- **Available data**:
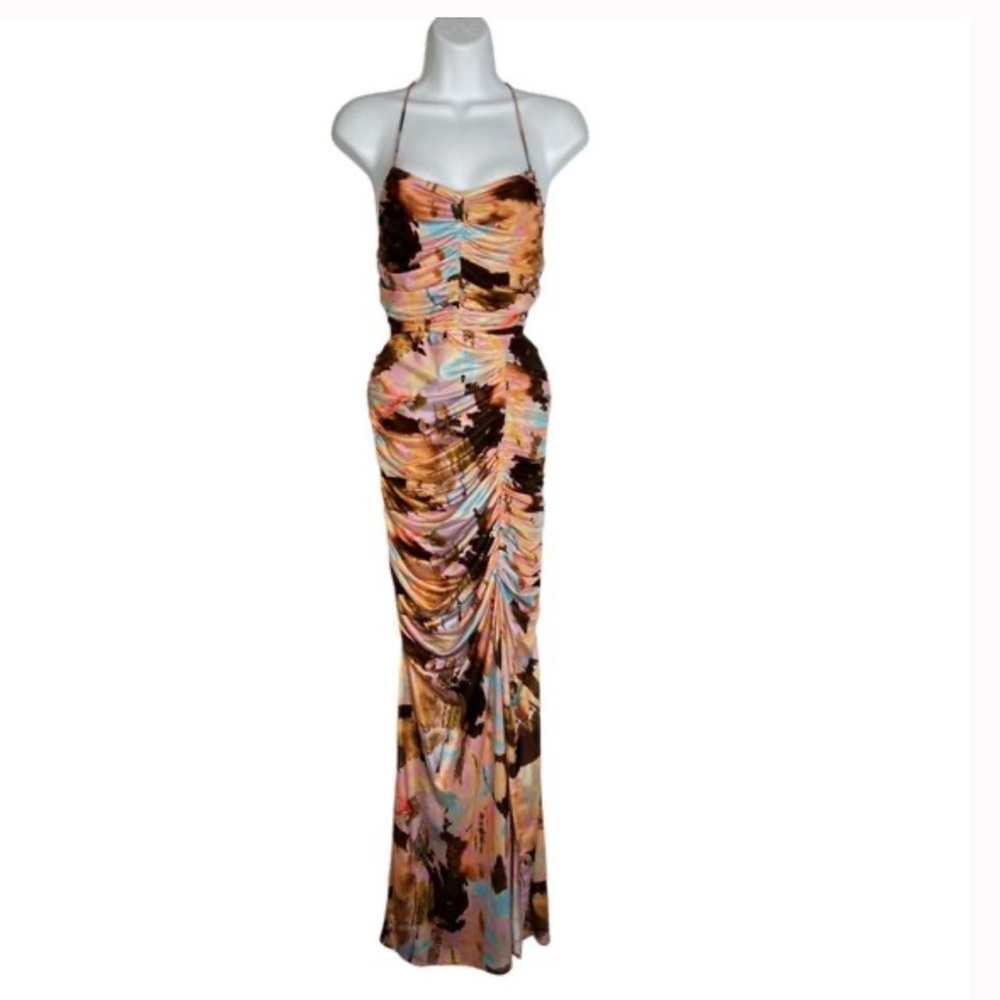 Y2k ruched Elegant Cream and Orange Spaghetti Strap Maxi Dress front slit acacia - Picture 16 of 16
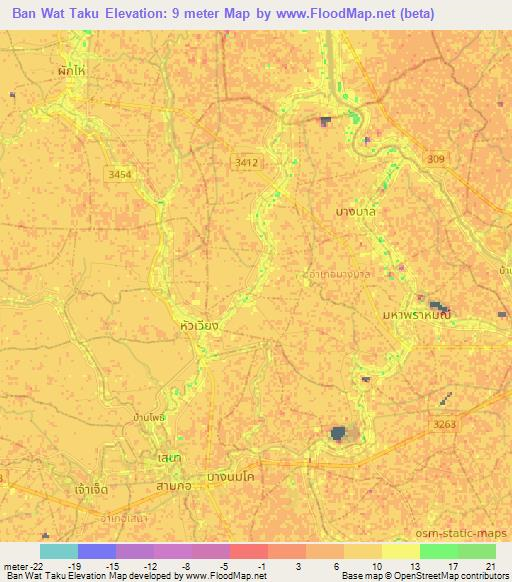 Ban Wat Taku,Thailand Elevation Map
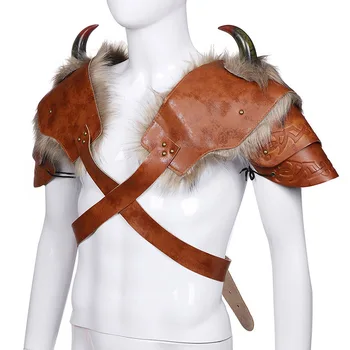 Umăr Blana Armura De Piele Pauldrons Medieval Spaulder Războinic Viking Costum Potrivite Pentru Bărbați Adulți Femei Larp Singur Pieptar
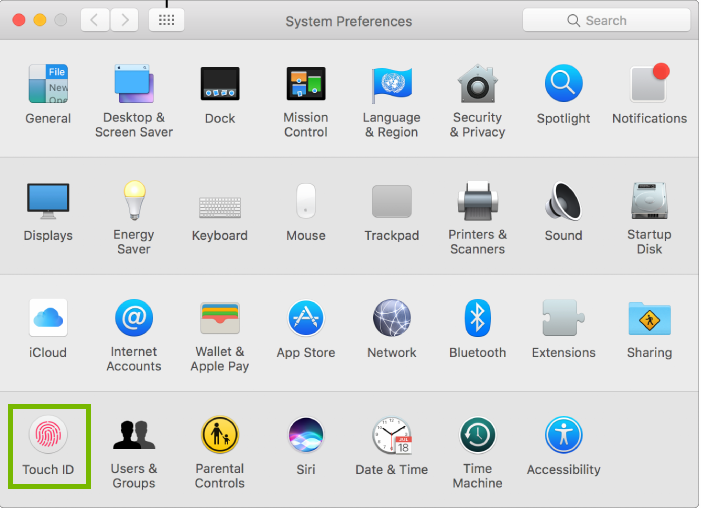 screenshot of system Preferences with touch ID highlighted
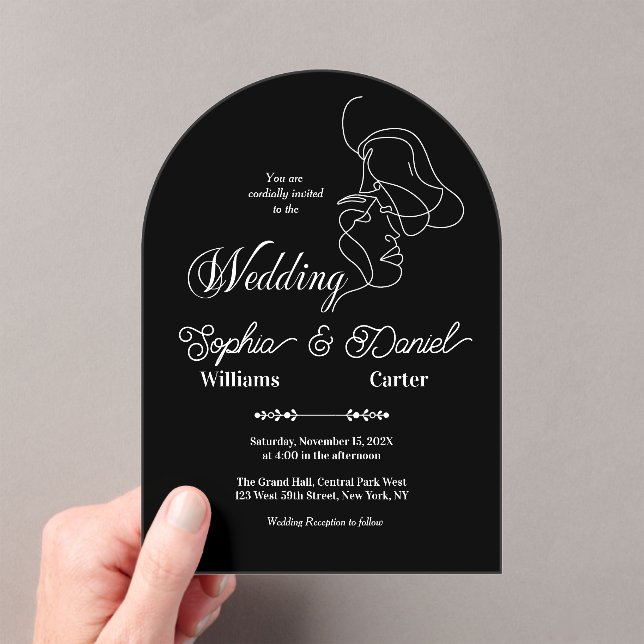 Luxury Black & White Wedding Chic Artistic Couple  Acrylic Invitations (Insitu (Handheld))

- **Problem to work on**: The line that contains "screenshot of system" begins the range and the last line of the entries ends it; print that range exactly, without pictures.

- **Exercise result**:
 screenshot of system Preferences with touch ID highlighted
 Luxury Black & White Wedding Chic Artistic Couple  Acrylic Invitations (Insitu (Handheld))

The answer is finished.